Write the entries out again in full and unchanged, dropping every image.

Extracted information below:

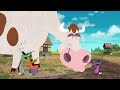 हिंदी Oggy And The Cockroaches गाय और तिलचट्टे Hindi Cartoons Fo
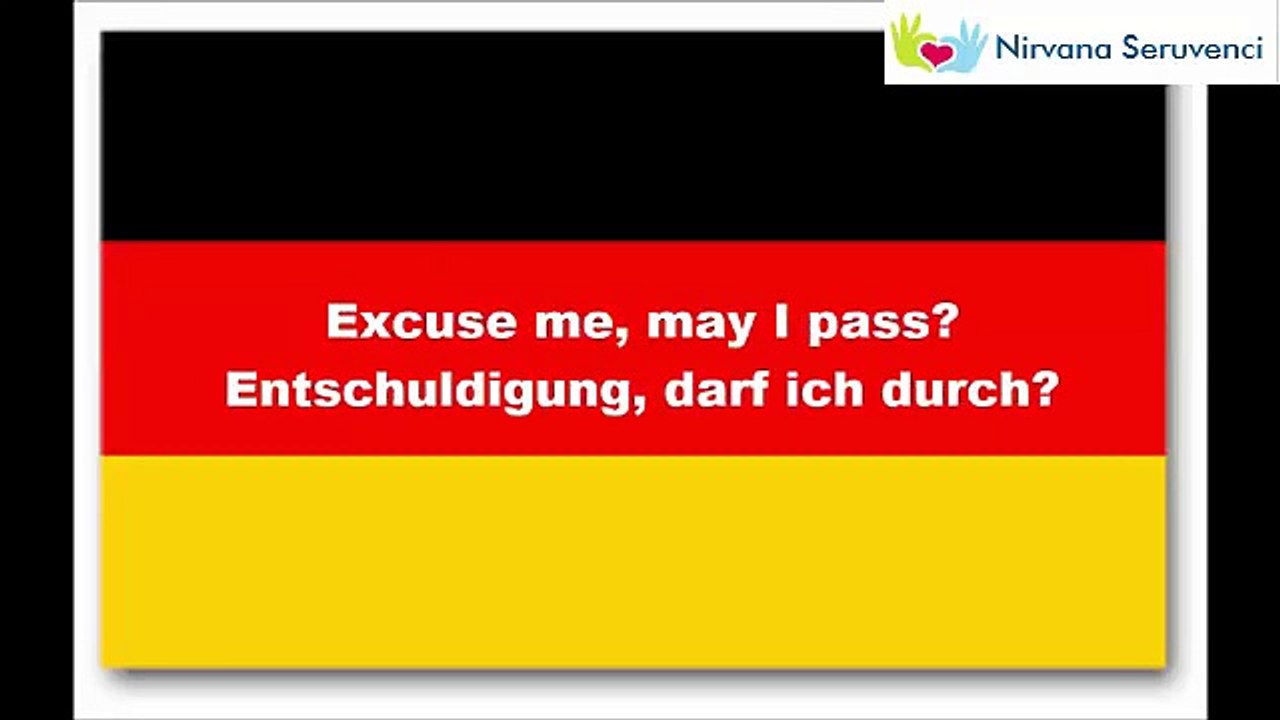 Learn German: 250 German Phrases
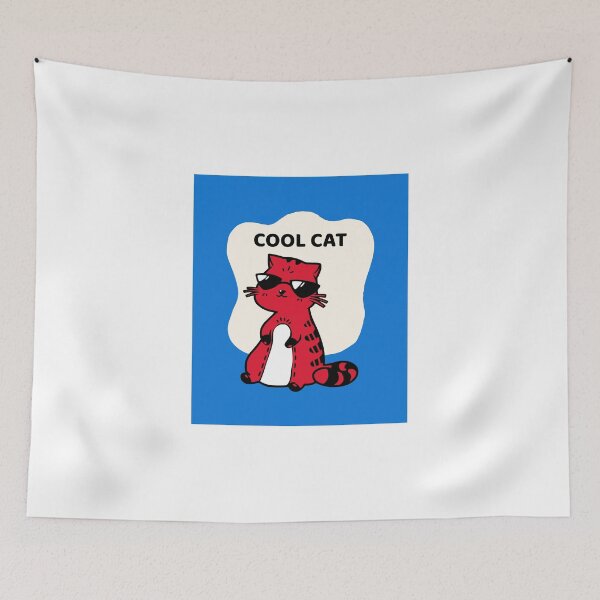 Item preview, Cool Cat designed and sold by aliisik.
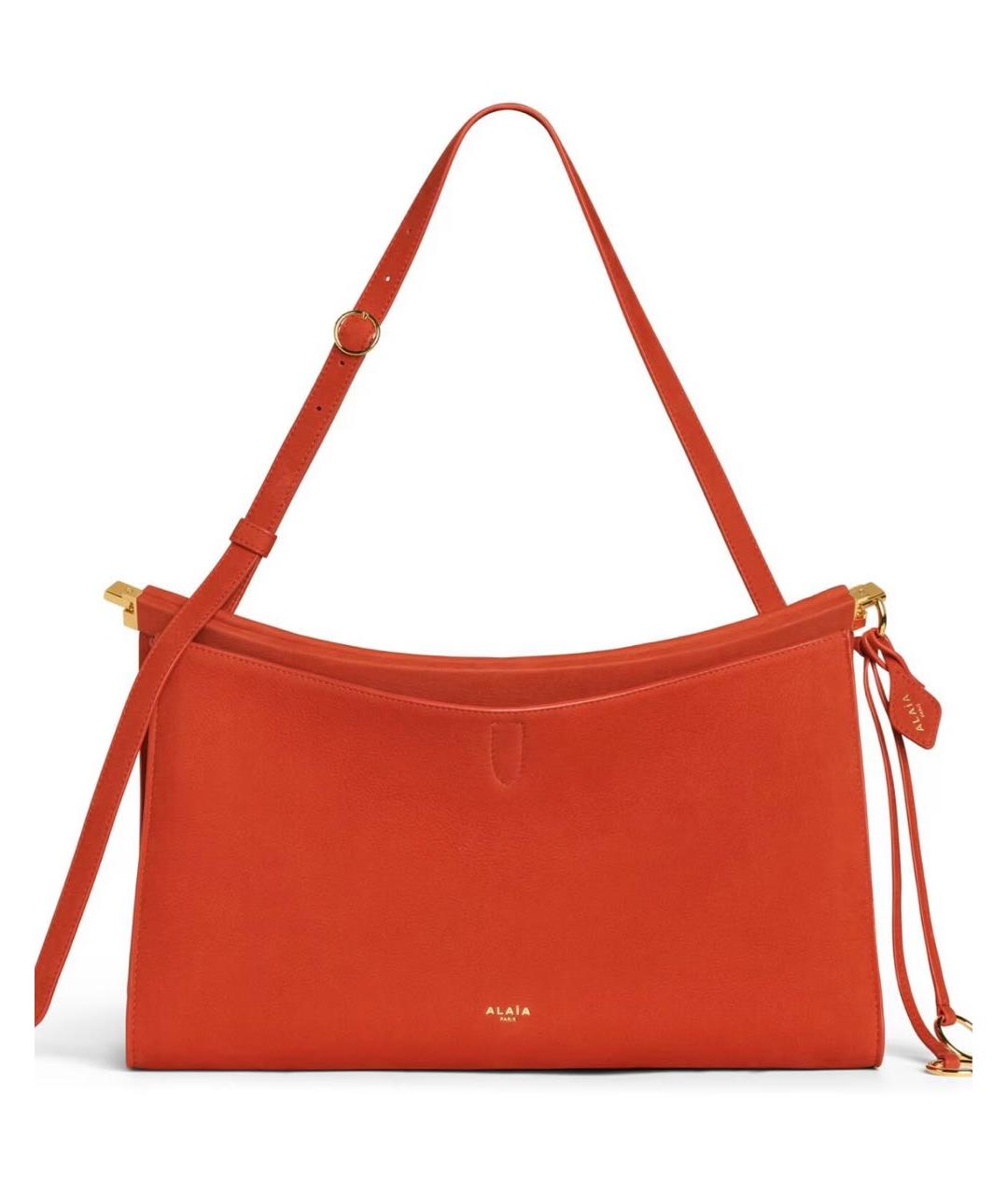 ALAIA Оранжевая сумка через плечо, фото 1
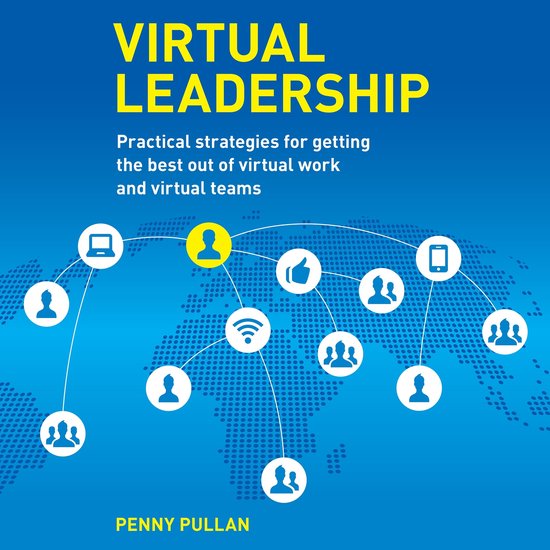 Virtual Leadership - cover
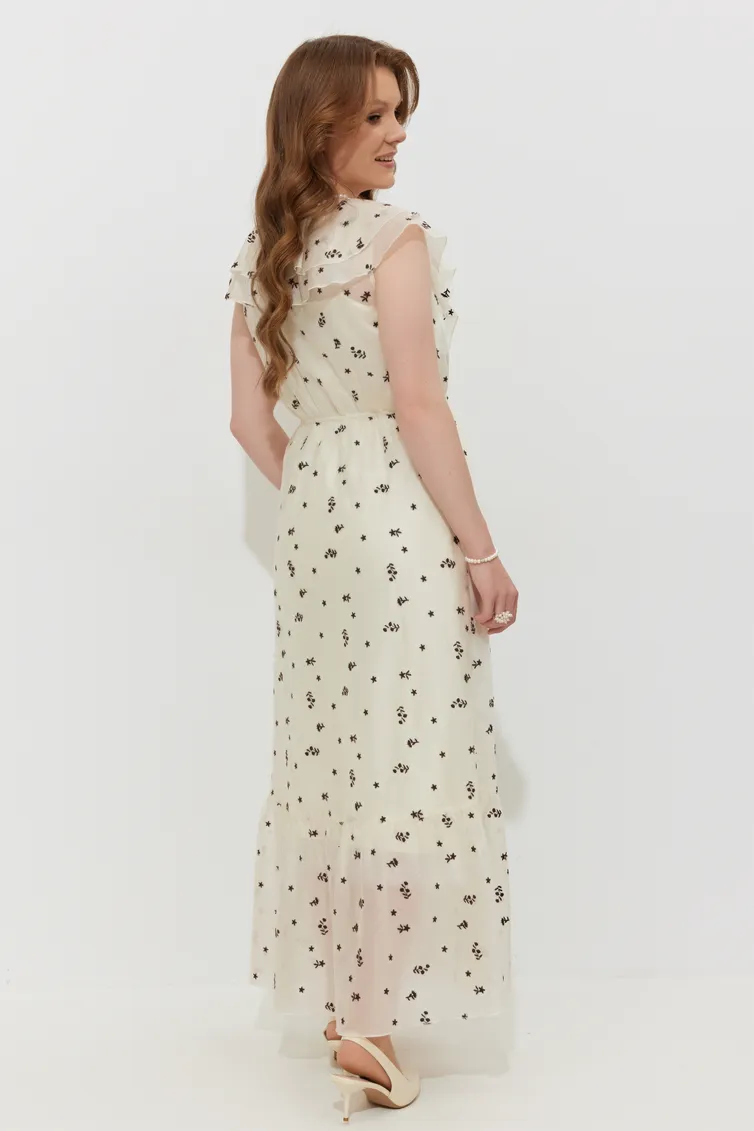 Sukienka FITA #5143 TAYaNA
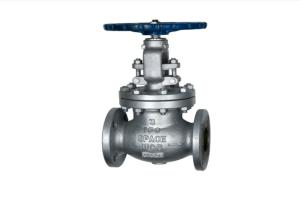 Wholesale Steel Flanged Globe Valve A351 CF8 150LBS DN80 Cast Steam Valve Flanged from china suppliers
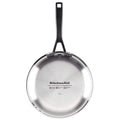 10-Piece Stainless Steel Induction Cookware Set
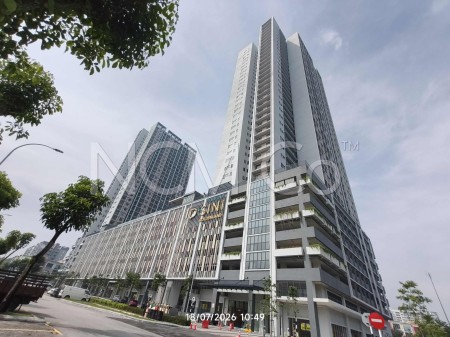 Serviced Residence For Auction at D'Sini Residences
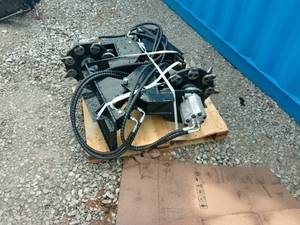 Mini Skid Stump grinder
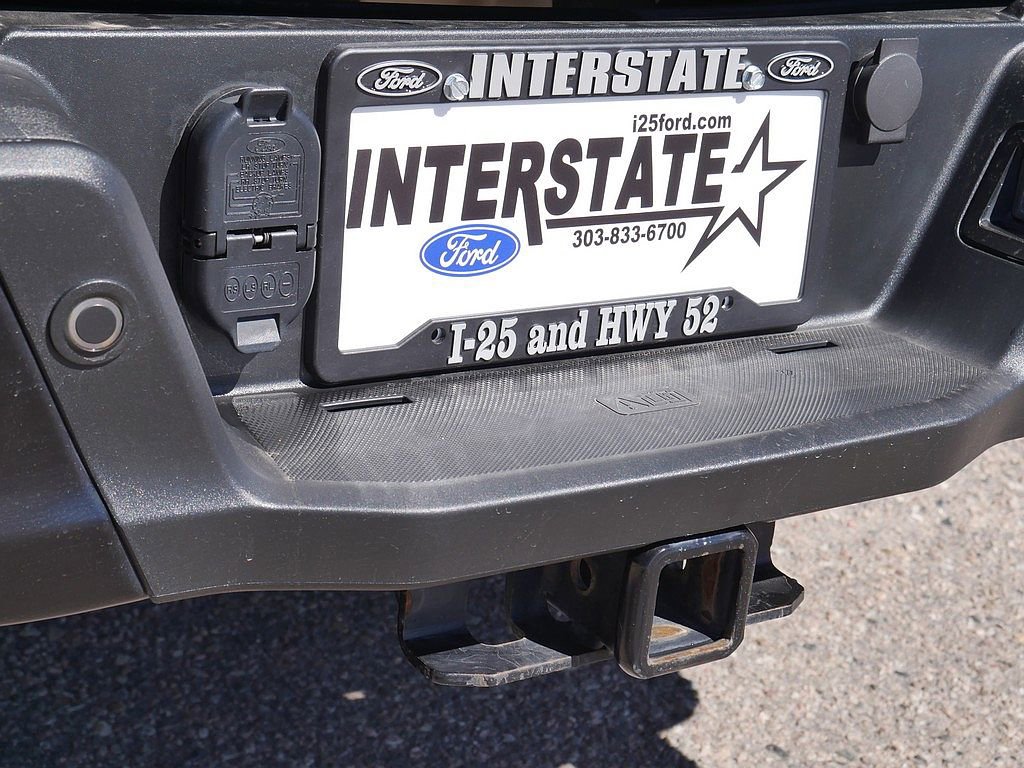 Used 2023 Ford F150 Raptor w/ Equipment Group 802A Raptor R AWD/4WD image 80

End of Extracted information.

Exercise response:
 हिंदी Oggy And The Cockroaches गाय और तिलचट्टे Hindi Cartoons Fo
 Learn German: 250 German Phrases
 Item preview, Cool Cat designed and sold by aliisik.
 ALAIA Оранжевая сумка через плечо, фото 1
 Virtual Leadership - cover
 Sukienka FITA #5143 TAYaNA
 Wholesale Steel Flanged Globe Valve A351 CF8 150LBS DN80 Cast Steam Valve Flanged from china suppliers
 10-Piece Stainless Steel Induction Cookware Set
 Serviced Residence For Auction at D'Sini Residences
 Mini Skid Stump grinder
 Used 2023 Ford F150 Raptor w/ Equipment Group 802A Raptor R AWD/4WD image 80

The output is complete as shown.